Wednesday, May 27, 2009

The Thorn In My Side

Reflecting on 2 Corinthians 12:7-10 this week has shed some light on this continued process of fertility treatments.  In this letter to the Corinthians, Paul was presenting his credentials because he was trying to reestablish his credibility and his authority that false teachers had tried to destroy.  In this letter Paul says:

"To keep me from becoming conceited because of these surpassingly great revelations, there was given me a thorn in my flesh, a messenger of Satan, to torment me. Three times I pleaded with the Lord to take it away from me. But he said to me, "My grace is sufficient for you, for my power is made perfect in weakness." Therefore I will boast all the more gladly about my weaknesses, so that Christ's power may rest on me. That is why, for Christ's sake, I delight in weaknesses, in insults, in hardships, in persecutions, in difficulties. For when I am weak, then I am strong."

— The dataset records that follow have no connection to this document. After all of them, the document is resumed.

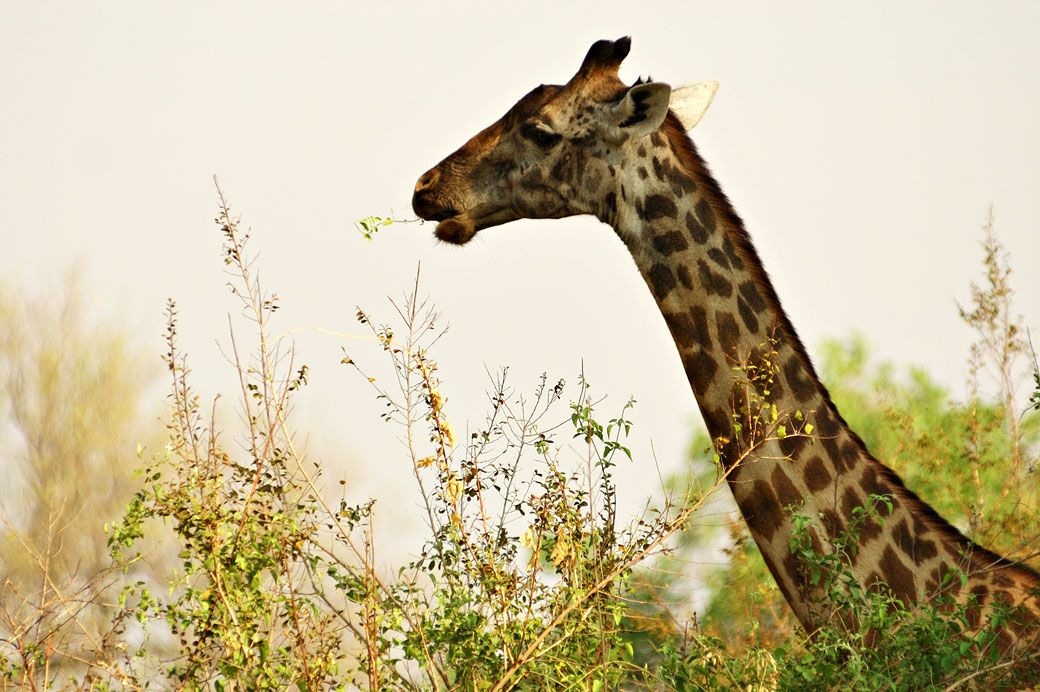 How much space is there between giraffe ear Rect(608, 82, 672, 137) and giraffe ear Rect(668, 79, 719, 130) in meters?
0.94

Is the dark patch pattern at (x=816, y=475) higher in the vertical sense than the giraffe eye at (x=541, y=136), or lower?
lower

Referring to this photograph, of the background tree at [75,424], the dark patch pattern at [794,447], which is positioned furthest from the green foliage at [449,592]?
the background tree at [75,424]

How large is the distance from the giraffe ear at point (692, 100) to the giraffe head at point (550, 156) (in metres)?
0.67

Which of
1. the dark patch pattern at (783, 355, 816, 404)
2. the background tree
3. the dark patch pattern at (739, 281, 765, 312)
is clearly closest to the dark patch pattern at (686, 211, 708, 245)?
the dark patch pattern at (739, 281, 765, 312)

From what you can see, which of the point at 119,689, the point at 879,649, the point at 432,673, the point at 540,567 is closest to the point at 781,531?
the point at 879,649

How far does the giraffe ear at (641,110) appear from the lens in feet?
16.4

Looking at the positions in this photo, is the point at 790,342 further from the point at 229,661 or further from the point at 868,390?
the point at 868,390

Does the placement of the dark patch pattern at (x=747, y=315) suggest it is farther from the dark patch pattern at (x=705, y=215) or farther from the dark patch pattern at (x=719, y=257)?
the dark patch pattern at (x=705, y=215)

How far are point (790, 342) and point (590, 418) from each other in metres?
1.04

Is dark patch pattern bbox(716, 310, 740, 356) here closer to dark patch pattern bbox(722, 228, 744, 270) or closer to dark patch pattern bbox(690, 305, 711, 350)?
dark patch pattern bbox(690, 305, 711, 350)

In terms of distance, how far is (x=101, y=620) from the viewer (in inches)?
478

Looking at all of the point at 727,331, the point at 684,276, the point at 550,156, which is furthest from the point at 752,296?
the point at 550,156

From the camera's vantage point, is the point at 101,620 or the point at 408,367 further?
the point at 101,620

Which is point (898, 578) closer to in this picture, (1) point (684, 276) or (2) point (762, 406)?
(2) point (762, 406) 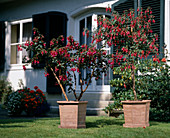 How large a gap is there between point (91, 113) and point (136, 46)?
279 centimetres

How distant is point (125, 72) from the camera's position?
710 cm

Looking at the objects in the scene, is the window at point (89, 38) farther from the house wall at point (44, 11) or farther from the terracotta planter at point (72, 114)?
the terracotta planter at point (72, 114)

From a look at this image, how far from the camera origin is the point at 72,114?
517cm

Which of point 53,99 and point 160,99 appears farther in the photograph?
point 53,99

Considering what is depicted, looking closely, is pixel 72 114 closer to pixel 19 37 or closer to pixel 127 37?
pixel 127 37

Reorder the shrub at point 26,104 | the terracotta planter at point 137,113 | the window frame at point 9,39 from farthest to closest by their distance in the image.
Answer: the window frame at point 9,39 → the shrub at point 26,104 → the terracotta planter at point 137,113

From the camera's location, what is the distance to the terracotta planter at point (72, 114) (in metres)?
5.16

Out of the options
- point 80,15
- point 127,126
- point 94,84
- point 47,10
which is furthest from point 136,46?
point 47,10

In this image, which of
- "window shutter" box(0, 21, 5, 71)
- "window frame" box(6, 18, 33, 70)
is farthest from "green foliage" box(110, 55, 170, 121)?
"window shutter" box(0, 21, 5, 71)

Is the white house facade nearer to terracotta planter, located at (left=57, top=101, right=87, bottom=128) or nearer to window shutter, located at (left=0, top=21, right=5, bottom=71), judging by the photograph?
window shutter, located at (left=0, top=21, right=5, bottom=71)

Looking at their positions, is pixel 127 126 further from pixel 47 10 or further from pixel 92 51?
pixel 47 10

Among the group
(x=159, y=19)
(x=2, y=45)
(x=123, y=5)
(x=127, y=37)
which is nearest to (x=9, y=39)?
(x=2, y=45)

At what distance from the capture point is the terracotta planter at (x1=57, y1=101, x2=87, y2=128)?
16.9 feet

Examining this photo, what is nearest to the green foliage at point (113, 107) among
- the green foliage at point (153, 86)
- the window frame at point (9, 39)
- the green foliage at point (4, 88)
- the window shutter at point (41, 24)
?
the green foliage at point (153, 86) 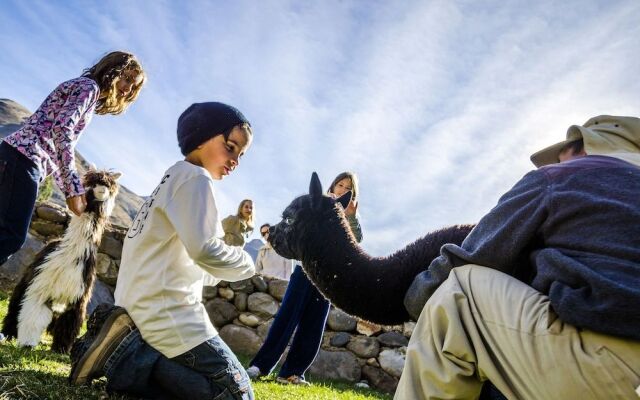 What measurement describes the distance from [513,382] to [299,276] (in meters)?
3.44

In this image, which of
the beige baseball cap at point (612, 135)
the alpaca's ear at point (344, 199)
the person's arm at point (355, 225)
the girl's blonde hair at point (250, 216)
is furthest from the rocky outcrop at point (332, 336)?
the beige baseball cap at point (612, 135)

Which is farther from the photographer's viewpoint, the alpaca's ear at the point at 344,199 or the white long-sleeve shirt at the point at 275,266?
the white long-sleeve shirt at the point at 275,266

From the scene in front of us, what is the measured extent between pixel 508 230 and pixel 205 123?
5.96 feet

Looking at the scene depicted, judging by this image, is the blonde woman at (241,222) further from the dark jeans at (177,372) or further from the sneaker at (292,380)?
the dark jeans at (177,372)

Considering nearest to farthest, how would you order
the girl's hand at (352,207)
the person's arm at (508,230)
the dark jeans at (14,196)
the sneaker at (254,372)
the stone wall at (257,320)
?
the person's arm at (508,230) → the dark jeans at (14,196) → the sneaker at (254,372) → the girl's hand at (352,207) → the stone wall at (257,320)

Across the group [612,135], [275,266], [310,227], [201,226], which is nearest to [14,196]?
[201,226]

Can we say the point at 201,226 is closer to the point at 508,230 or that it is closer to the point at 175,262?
the point at 175,262

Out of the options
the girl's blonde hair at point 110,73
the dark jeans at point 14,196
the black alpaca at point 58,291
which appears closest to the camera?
the dark jeans at point 14,196

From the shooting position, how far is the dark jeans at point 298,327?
4348mm

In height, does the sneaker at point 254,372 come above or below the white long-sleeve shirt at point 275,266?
below

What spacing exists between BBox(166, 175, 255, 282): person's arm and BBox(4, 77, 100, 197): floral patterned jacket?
50.4 inches

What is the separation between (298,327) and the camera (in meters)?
4.62

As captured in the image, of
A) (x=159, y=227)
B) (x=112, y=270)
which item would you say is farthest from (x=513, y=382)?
(x=112, y=270)

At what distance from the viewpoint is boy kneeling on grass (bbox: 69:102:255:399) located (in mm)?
2119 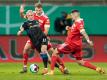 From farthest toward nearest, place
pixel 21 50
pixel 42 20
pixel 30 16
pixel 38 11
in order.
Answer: pixel 21 50, pixel 42 20, pixel 38 11, pixel 30 16

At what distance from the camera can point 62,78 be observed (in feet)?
53.3

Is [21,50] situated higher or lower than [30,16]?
lower

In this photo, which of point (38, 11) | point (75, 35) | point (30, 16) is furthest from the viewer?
point (38, 11)

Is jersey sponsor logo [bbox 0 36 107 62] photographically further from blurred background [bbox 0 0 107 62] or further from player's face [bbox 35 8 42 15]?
player's face [bbox 35 8 42 15]

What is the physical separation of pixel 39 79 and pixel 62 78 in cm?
66

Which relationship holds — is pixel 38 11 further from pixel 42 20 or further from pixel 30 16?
pixel 30 16

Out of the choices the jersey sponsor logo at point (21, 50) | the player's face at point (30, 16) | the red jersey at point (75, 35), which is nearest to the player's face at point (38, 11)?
the player's face at point (30, 16)

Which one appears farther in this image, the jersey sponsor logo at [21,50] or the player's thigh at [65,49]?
the jersey sponsor logo at [21,50]

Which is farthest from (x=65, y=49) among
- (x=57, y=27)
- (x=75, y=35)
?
(x=57, y=27)

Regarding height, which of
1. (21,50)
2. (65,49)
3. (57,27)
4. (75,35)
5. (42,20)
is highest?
(42,20)

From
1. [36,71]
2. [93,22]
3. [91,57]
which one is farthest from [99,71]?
[93,22]

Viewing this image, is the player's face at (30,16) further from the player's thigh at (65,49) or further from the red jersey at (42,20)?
the player's thigh at (65,49)

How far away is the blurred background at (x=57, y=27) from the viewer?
2564cm

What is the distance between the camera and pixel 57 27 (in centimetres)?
2720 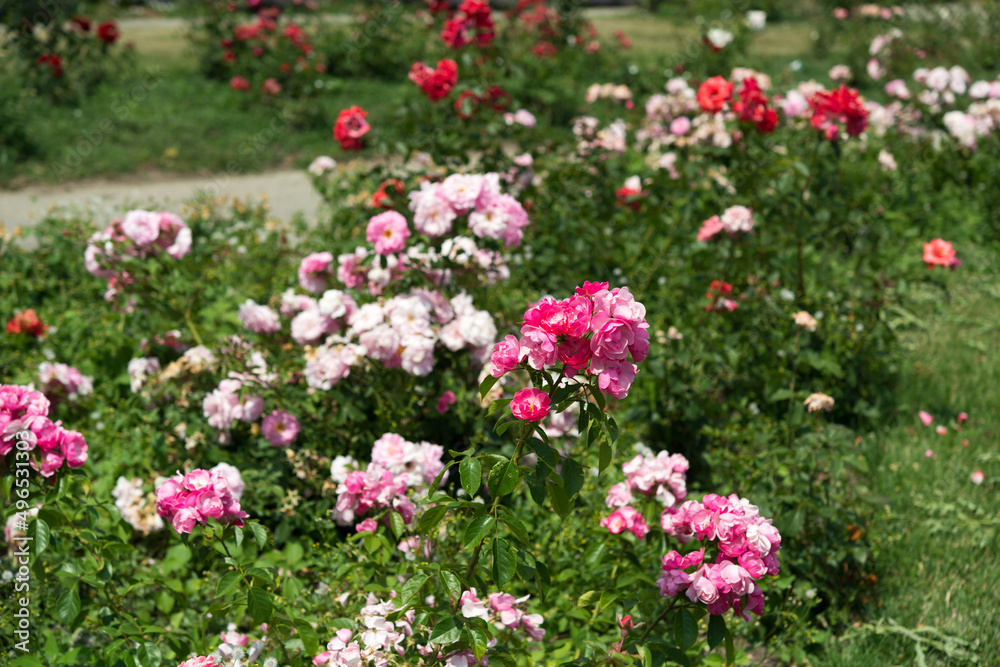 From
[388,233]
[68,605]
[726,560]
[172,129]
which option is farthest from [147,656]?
[172,129]

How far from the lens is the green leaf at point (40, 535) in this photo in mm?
1809

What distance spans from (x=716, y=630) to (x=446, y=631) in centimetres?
57

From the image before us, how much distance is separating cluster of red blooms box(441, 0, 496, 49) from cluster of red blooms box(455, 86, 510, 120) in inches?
10.4

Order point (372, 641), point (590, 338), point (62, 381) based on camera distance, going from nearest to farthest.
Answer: point (590, 338), point (372, 641), point (62, 381)

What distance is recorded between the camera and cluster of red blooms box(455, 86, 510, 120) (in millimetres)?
3588

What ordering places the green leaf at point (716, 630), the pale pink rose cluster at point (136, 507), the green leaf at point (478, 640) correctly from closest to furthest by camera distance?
the green leaf at point (478, 640)
the green leaf at point (716, 630)
the pale pink rose cluster at point (136, 507)

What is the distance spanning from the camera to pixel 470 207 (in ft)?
8.60

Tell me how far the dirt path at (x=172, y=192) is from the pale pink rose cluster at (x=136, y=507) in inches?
140

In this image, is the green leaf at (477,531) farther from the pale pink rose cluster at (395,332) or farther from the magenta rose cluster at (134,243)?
the magenta rose cluster at (134,243)

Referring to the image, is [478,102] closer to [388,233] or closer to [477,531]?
[388,233]

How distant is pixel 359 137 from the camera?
3.51 meters

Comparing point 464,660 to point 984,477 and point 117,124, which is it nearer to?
point 984,477

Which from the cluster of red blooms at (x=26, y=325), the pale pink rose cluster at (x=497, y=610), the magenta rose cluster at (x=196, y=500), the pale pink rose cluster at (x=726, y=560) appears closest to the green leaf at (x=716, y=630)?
the pale pink rose cluster at (x=726, y=560)

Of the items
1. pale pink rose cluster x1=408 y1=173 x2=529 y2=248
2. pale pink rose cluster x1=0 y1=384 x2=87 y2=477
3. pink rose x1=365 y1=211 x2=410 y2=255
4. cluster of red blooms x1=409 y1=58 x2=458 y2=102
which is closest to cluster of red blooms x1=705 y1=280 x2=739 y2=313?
pale pink rose cluster x1=408 y1=173 x2=529 y2=248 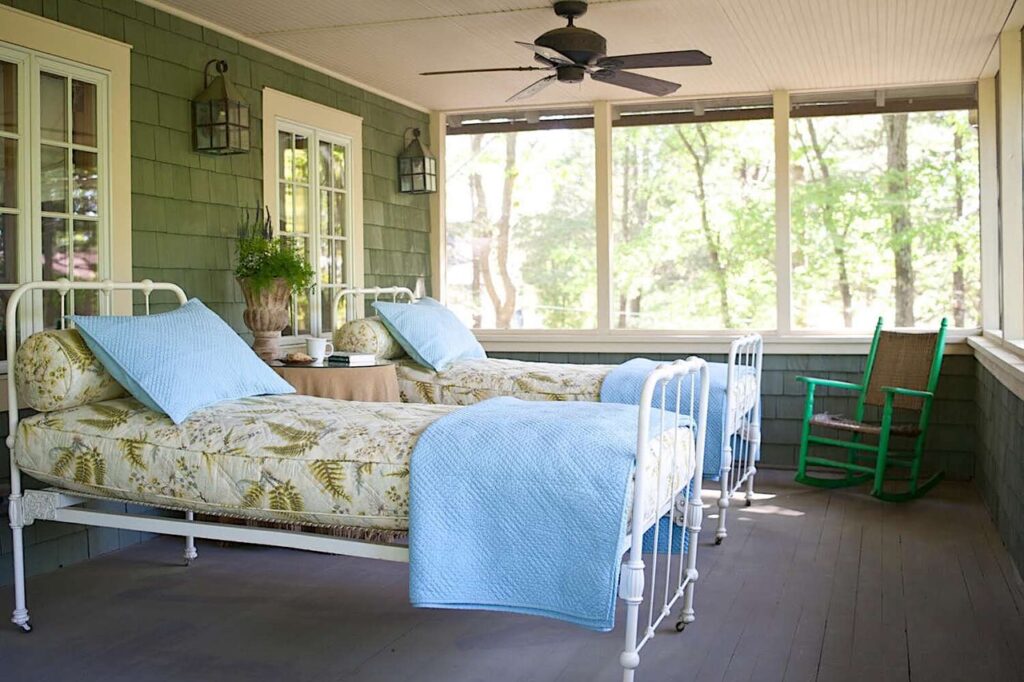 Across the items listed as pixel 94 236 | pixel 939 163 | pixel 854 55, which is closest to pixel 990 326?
pixel 854 55

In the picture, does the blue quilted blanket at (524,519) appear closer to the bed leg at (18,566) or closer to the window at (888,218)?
the bed leg at (18,566)

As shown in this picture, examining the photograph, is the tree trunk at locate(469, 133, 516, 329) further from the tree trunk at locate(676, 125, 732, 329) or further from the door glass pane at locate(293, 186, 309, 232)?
the door glass pane at locate(293, 186, 309, 232)

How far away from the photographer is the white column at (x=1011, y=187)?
Result: 5.26 metres

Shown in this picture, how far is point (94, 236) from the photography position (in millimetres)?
4430

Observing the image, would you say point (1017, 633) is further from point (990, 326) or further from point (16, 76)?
point (16, 76)

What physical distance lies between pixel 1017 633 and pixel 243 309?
3780mm

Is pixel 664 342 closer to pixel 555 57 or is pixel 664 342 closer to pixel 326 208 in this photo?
pixel 326 208

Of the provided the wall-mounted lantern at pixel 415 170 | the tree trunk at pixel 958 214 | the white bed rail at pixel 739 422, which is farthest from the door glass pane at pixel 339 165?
the tree trunk at pixel 958 214

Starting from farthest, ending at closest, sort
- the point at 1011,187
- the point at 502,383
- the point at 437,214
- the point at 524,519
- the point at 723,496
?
the point at 437,214, the point at 1011,187, the point at 502,383, the point at 723,496, the point at 524,519

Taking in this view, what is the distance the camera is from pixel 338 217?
248 inches

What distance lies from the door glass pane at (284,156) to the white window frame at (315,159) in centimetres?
5

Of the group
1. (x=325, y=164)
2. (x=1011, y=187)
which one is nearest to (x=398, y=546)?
(x=325, y=164)

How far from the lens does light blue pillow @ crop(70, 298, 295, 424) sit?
336 centimetres

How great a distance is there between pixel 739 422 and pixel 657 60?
1.78 metres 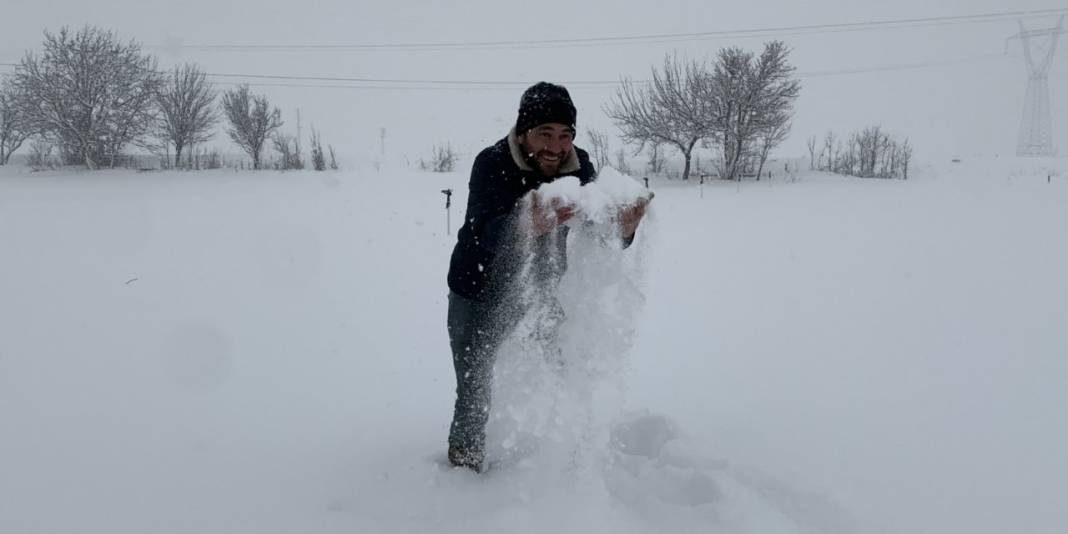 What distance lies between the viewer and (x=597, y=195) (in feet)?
6.18

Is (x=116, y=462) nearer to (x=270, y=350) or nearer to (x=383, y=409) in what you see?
(x=383, y=409)

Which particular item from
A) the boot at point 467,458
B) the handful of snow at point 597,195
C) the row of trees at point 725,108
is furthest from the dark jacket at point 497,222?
the row of trees at point 725,108

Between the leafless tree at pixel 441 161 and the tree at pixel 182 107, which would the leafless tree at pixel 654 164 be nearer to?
the leafless tree at pixel 441 161

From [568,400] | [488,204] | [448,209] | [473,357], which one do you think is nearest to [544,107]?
[488,204]

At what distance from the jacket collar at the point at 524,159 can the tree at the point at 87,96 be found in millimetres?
30849

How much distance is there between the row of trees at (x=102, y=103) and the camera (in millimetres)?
25000

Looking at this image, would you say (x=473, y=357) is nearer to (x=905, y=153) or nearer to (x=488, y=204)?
(x=488, y=204)

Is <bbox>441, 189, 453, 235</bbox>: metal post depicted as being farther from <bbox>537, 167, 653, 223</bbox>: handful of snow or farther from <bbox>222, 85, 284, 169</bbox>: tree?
<bbox>222, 85, 284, 169</bbox>: tree

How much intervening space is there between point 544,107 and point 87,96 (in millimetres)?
31242

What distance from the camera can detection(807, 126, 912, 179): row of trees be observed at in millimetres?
28594

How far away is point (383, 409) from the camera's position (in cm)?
326

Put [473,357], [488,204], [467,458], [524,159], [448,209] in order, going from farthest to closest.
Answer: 1. [448,209]
2. [467,458]
3. [473,357]
4. [524,159]
5. [488,204]

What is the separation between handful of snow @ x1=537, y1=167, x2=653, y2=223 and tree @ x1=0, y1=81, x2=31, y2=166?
35.7 metres

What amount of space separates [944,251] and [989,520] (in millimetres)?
7333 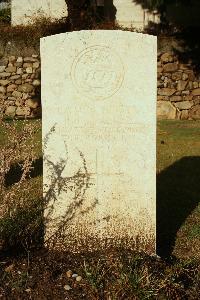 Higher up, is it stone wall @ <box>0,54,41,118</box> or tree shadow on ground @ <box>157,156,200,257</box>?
stone wall @ <box>0,54,41,118</box>

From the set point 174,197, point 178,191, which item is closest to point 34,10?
point 178,191

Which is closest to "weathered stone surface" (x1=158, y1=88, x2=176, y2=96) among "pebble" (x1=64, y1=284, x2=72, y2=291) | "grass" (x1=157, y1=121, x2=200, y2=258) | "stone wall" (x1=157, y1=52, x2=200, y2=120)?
"stone wall" (x1=157, y1=52, x2=200, y2=120)

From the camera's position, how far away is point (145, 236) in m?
4.50

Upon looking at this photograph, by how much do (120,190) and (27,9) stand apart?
12.9 meters

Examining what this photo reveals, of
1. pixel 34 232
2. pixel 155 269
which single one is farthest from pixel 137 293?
pixel 34 232

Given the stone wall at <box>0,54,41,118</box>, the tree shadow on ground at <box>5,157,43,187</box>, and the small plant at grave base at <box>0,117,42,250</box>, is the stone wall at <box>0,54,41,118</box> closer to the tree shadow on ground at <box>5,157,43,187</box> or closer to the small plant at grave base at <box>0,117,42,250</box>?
the tree shadow on ground at <box>5,157,43,187</box>

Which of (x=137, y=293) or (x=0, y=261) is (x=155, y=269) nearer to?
(x=137, y=293)

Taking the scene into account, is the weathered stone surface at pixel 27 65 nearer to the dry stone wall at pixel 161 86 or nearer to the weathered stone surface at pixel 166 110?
the dry stone wall at pixel 161 86

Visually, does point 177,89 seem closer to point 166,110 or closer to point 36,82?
point 166,110

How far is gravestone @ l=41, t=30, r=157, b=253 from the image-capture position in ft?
14.0

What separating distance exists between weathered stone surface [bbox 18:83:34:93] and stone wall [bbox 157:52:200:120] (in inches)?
134

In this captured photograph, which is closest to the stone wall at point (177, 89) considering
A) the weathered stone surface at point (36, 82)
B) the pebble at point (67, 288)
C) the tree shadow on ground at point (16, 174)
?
the weathered stone surface at point (36, 82)

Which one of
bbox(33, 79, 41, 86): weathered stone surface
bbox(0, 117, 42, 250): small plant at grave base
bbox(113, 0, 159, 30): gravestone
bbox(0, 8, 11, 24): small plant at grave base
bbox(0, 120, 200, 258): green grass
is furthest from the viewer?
bbox(0, 8, 11, 24): small plant at grave base

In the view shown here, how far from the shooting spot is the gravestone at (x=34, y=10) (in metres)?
16.0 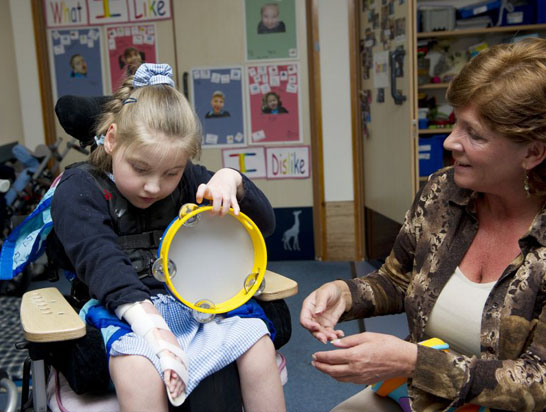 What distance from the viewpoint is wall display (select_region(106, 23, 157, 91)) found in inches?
162

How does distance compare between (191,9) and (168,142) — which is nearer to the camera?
(168,142)

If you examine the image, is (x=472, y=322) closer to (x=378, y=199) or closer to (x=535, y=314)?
(x=535, y=314)

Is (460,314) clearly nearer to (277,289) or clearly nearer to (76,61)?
(277,289)

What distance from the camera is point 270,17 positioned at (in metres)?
4.04

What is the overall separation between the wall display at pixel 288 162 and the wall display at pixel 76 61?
1223mm

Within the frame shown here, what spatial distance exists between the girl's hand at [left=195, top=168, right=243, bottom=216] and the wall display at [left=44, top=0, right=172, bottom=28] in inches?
114

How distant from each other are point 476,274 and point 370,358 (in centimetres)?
33

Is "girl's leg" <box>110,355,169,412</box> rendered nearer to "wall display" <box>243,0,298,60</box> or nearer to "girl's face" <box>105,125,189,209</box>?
"girl's face" <box>105,125,189,209</box>

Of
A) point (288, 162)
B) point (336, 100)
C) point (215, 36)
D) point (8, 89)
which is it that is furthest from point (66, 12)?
point (336, 100)

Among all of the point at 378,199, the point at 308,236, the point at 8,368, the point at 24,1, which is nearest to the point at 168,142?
the point at 8,368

Paul never defines exactly what the thorn in his flesh actually is.  Commentaries suggest it could be anything from malaria, epilepsy, Jewish persecution, or even a speech impediment.  The fact is that it was something that affected his ministry, it was given to him by God (through Satan), and it forced him to rely on Christ.  Well, as I have shared in previous blogs, this struggle with infertility has affected my ministry with other women, I believe it is under the control of our sovereign God, and it most certainly has made me more dependent on Christ.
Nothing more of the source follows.